═════ Information shown

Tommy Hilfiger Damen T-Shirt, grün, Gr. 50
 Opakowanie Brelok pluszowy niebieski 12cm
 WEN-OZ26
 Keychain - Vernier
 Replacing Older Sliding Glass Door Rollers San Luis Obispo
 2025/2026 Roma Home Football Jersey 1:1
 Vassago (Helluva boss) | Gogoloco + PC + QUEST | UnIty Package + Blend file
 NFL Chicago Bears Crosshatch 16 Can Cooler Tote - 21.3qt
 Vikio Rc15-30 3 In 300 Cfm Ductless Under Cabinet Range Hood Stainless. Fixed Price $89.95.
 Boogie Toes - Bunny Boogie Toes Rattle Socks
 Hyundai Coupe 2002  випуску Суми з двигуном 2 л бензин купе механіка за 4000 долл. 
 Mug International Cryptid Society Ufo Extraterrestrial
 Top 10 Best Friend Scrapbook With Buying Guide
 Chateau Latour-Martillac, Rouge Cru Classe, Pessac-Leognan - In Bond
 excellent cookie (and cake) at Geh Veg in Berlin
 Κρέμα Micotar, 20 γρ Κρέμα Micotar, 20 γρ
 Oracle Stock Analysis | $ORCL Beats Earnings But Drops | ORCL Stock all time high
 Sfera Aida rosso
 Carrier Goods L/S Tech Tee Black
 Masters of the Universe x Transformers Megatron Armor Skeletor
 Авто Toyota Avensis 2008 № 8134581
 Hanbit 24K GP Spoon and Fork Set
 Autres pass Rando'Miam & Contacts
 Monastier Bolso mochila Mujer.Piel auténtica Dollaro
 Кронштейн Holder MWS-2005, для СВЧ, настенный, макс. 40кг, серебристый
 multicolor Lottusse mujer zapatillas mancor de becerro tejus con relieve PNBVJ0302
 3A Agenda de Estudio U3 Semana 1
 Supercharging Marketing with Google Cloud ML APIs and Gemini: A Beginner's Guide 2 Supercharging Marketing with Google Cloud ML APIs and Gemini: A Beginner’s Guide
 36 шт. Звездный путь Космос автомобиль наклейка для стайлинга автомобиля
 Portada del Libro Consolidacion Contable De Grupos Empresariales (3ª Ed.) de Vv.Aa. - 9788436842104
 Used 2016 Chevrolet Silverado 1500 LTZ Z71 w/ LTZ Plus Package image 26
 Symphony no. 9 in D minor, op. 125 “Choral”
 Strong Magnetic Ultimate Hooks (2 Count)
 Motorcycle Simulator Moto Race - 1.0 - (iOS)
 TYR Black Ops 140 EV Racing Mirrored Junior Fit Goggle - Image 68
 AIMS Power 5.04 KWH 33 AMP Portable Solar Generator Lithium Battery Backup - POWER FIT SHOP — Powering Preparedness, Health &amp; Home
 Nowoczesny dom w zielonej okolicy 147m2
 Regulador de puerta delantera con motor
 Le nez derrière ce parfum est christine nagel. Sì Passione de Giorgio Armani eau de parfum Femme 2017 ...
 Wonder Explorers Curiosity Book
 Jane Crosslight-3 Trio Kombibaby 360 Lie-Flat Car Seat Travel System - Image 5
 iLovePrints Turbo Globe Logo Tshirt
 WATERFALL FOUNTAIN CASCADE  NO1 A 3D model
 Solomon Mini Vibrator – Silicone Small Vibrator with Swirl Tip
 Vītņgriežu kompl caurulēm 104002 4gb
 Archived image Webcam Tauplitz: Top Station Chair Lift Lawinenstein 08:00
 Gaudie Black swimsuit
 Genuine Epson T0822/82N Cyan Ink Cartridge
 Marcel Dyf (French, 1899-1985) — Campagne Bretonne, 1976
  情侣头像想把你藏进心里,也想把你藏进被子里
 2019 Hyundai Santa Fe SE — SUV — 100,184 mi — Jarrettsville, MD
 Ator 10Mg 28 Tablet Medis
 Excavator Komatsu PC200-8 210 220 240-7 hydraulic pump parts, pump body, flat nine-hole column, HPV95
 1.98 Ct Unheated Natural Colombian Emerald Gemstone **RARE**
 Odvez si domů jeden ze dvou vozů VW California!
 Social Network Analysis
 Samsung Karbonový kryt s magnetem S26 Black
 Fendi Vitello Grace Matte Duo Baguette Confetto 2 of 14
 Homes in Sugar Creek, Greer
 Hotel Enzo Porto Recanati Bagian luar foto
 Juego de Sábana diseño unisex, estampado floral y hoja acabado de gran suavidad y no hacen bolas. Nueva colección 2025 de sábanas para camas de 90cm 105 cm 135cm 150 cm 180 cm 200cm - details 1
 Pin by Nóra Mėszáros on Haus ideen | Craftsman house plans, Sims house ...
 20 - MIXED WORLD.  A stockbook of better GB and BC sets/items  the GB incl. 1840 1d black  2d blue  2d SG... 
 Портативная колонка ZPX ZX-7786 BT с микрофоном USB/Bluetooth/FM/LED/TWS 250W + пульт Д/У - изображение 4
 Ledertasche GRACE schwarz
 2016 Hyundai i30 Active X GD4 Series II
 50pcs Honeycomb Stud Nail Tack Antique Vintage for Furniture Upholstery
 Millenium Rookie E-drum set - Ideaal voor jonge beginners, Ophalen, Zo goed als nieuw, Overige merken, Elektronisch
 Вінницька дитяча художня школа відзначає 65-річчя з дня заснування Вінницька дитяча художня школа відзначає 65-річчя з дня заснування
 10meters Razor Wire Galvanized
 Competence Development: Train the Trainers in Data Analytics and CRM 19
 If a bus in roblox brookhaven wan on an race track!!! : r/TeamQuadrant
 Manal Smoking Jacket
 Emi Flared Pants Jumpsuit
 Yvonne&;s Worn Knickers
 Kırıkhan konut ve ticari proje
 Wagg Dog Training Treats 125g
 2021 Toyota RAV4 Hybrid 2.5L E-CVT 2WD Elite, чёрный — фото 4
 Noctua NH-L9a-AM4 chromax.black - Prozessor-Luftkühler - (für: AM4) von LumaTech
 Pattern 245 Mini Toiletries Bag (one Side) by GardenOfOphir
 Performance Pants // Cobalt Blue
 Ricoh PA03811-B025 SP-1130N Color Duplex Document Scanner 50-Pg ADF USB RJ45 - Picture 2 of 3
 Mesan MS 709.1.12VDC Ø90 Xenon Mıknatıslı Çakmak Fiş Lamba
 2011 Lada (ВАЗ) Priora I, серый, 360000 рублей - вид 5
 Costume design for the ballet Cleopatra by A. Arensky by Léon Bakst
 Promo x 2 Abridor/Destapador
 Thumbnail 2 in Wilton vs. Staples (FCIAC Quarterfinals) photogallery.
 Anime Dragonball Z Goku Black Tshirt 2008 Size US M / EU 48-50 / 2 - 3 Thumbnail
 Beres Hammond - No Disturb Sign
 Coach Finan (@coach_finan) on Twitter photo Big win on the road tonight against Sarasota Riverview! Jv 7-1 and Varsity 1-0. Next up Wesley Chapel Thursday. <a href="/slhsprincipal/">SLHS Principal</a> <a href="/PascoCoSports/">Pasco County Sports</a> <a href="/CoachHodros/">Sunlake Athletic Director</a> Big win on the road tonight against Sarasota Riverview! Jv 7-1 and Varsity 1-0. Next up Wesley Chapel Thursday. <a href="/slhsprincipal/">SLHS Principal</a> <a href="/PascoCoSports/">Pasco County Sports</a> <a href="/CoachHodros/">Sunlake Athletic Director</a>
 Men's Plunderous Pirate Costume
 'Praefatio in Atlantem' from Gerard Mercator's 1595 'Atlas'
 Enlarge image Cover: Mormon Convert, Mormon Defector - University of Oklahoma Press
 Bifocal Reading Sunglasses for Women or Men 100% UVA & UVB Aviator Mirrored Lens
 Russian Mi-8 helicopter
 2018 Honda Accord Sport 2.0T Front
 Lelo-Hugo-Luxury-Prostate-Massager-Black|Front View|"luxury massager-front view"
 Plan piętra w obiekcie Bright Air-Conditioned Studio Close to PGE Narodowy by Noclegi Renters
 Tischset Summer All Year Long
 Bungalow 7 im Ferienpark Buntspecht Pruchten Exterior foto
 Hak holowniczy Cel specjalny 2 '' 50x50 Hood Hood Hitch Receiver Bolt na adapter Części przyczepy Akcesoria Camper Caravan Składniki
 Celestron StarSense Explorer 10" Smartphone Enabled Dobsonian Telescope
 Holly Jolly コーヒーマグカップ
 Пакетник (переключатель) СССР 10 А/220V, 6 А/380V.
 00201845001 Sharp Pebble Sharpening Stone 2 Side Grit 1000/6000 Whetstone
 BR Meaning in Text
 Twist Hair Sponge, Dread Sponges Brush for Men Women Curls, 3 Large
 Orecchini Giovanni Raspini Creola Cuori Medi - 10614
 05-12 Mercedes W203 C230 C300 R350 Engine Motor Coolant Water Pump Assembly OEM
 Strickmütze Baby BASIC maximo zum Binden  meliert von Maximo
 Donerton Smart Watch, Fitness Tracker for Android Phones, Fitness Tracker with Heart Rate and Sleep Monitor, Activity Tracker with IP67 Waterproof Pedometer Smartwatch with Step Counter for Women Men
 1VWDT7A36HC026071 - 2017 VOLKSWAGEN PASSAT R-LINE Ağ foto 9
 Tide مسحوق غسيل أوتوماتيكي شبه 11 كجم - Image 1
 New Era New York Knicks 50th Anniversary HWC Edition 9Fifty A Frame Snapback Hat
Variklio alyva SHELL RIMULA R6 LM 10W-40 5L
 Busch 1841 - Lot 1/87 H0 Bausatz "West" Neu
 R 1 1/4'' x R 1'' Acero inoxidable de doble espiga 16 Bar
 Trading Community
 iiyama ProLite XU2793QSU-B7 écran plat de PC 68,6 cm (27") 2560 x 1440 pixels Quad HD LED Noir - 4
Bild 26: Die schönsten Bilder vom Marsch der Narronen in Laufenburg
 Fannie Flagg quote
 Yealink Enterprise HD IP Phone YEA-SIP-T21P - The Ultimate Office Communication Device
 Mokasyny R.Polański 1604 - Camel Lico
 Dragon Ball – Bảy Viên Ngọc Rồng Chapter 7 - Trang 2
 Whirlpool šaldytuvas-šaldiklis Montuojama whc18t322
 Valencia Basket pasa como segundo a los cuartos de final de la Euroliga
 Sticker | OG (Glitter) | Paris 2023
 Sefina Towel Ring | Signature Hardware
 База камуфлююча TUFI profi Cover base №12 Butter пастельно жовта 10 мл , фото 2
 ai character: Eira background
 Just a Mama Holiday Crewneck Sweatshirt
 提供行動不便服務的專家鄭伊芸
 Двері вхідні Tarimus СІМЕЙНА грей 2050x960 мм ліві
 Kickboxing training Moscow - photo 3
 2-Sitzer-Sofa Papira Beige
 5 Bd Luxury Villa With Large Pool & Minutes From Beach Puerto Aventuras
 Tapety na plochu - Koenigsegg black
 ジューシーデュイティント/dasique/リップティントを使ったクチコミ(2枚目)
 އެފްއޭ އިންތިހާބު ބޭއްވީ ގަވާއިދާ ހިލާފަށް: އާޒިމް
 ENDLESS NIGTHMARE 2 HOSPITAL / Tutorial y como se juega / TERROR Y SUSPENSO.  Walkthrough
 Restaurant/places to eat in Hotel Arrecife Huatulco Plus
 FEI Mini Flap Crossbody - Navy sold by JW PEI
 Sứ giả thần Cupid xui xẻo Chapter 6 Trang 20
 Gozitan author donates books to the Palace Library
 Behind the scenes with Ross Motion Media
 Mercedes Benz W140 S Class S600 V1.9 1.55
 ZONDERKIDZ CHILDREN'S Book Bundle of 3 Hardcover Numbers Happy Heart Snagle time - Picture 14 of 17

══════════

■ **Work to be completed**
Print again the lines of the entries above that fall between the line holding "Top 10 Best" and the line holding "multicolor Lottusse mujer", inclusive, exactly as they stand.

■ **Result below**
 Top 10 Best Friend Scrapbook With Buying Guide
 Chateau Latour-Martillac, Rouge Cru Classe, Pessac-Leognan - In Bond
 excellent cookie (and cake) at Geh Veg in Berlin
 Κρέμα Micotar, 20 γρ Κρέμα Micotar, 20 γρ
 Oracle Stock Analysis | $ORCL Beats Earnings But Drops | ORCL Stock all time high
 Sfera Aida rosso
 Carrier Goods L/S Tech Tee Black
 Masters of the Universe x Transformers Megatron Armor Skeletor
 Авто Toyota Avensis 2008 № 8134581
 Hanbit 24K GP Spoon and Fork Set
 Autres pass Rando'Miam & Contacts
 Monastier Bolso mochila Mujer.Piel auténtica Dollaro
 Кронштейн Holder MWS-2005, для СВЧ, настенный, макс. 40кг, серебристый
 multicolor Lottusse mujer zapatillas mancor de becerro tejus con relieve PNBVJ0302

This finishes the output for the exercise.